Please repeat, exactly and with nothing extra, the line containing "Dark Cherry Wall" and every line after it up to the end of the material.
○ ○ ○ ○ ○ ○ ○
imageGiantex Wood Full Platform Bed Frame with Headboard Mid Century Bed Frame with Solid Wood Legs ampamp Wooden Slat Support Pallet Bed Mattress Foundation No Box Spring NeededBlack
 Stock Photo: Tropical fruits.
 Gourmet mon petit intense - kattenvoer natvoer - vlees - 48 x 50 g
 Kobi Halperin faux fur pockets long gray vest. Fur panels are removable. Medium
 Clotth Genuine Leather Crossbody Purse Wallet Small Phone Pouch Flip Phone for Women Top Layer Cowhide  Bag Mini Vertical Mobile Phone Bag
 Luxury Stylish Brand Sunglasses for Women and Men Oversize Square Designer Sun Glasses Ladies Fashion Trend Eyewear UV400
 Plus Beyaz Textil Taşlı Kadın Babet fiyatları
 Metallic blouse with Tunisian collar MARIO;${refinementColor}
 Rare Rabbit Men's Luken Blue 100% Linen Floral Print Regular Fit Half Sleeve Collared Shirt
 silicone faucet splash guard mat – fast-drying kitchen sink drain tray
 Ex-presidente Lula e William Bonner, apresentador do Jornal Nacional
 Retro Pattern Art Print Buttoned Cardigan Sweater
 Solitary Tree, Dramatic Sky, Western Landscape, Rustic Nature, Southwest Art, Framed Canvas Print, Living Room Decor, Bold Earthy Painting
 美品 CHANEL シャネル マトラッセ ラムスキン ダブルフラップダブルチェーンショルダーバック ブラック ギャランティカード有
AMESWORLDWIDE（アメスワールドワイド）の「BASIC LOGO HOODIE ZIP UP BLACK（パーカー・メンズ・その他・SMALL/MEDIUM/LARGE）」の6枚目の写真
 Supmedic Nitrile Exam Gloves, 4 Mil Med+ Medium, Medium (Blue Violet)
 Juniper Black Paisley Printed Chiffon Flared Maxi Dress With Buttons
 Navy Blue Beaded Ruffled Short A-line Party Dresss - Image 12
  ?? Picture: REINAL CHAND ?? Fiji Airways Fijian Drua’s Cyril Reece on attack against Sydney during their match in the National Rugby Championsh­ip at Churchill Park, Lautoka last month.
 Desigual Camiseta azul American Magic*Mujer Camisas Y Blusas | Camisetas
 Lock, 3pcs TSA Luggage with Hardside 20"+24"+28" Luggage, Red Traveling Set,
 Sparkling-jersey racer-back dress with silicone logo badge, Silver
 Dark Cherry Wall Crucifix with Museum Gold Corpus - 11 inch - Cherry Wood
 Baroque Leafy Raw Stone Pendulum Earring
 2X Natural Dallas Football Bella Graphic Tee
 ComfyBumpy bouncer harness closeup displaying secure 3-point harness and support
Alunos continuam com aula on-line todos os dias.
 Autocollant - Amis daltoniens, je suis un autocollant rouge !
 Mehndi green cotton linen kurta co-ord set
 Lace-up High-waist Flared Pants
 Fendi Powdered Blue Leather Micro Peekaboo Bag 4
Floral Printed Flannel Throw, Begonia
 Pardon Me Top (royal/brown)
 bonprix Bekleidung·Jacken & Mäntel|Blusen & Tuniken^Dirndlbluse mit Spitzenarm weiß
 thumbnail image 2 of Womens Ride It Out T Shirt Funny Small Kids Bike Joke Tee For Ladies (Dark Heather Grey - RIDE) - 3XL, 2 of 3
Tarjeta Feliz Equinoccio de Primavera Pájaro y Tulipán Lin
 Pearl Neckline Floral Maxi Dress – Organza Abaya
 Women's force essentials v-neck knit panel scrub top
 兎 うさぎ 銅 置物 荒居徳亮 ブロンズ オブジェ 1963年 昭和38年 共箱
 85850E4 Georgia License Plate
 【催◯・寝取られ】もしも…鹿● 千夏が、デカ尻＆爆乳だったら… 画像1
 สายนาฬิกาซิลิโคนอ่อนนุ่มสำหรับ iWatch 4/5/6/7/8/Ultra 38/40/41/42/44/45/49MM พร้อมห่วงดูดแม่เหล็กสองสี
○ ○ ○ ○ ○ ○ ○
Your solution:
 Dark Cherry Wall Crucifix with Museum Gold Corpus - 11 inch - Cherry Wood
 Baroque Leafy Raw Stone Pendulum Earring
 2X Natural Dallas Football Bella Graphic Tee
 ComfyBumpy bouncer harness closeup displaying secure 3-point harness and support
Alunos continuam com aula on-line todos os dias.
 Autocollant - Amis daltoniens, je suis un autocollant rouge !
 Mehndi green cotton linen kurta co-ord set
 Lace-up High-waist Flared Pants
 Fendi Powdered Blue Leather Micro Peekaboo Bag 4
Floral Printed Flannel Throw, Begonia
 Pardon Me Top (royal/brown)
 bonprix Bekleidung·Jacken & Mäntel|Blusen & Tuniken^Dirndlbluse mit Spitzenarm weiß
 thumbnail image 2 of Womens Ride It Out T Shirt Funny Small Kids Bike Joke Tee For Ladies (Dark Heather Grey - RIDE) - 3XL, 2 of 3
Tarjeta Feliz Equinoccio de Primavera Pájaro y Tulipán Lin
 Pearl Neckline Floral Maxi Dress – Organza Abaya
 Women's force essentials v-neck knit panel scrub top
 兎 うさぎ 銅 置物 荒居徳亮 ブロンズ オブジェ 1963年 昭和38年 共箱
 85850E4 Georgia License Plate
 【催◯・寝取られ】もしも…鹿● 千夏が、デカ尻＆爆乳だったら… 画像1
 สายนาฬิกาซิลิโคนอ่อนนุ่มสำหรับ iWatch 4/5/6/7/8/Ultra 38/40/41/42/44/45/49MM พร้อมห่วงดูดแม่เหล็กสองสี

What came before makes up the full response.